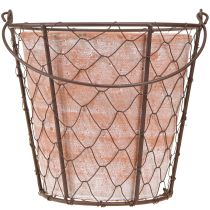 Artikel Keramik Blumentopf Metallkorb Rustikal Braun Ø18cm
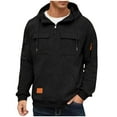 thumbnail image 2 of pstuiky manga larga para hombre, Sudadera con capucha, cremallera de un cuarto y múltiples bolsillos de manga larga de color liso para hombre camisetas de hombre s, 2 of 4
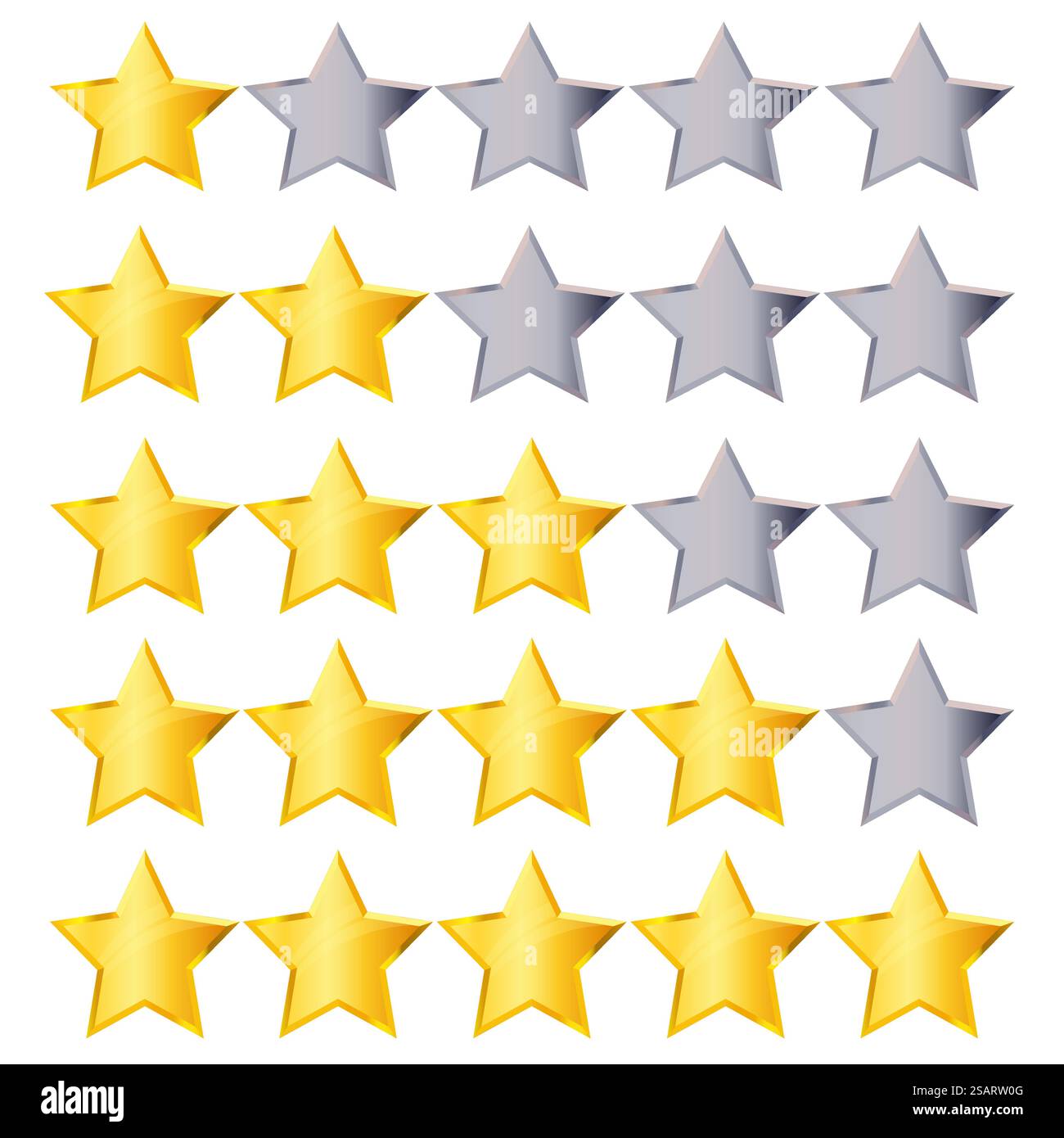 Étoiles d'évaluation dorées définies isolées sur fond blanc. Collection d'étoiles d'or et d'argent pour classer hôtel, restaurant, produit. Illustration vectorielle eps10 Illustration de Vecteur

═══

The problem. The lines above must be transcribed exactly, with every picture left out.

Response to this task.
 Artikel Keramik Blumentopf Metallkorb Rustikal Braun Ø18cm
 thumbnail image 2 of pstuiky manga larga para hombre, Sudadera con capucha, cremallera de un cuarto y múltiples bolsillos de manga larga de color liso para hombre camisetas de hombre s, 2 of 4
 Étoiles d'évaluation dorées définies isolées sur fond blanc. Collection d'étoiles d'or et d'argent pour classer hôtel, restaurant, produit. Illustration vectorielle eps10 Illustration de Vecteur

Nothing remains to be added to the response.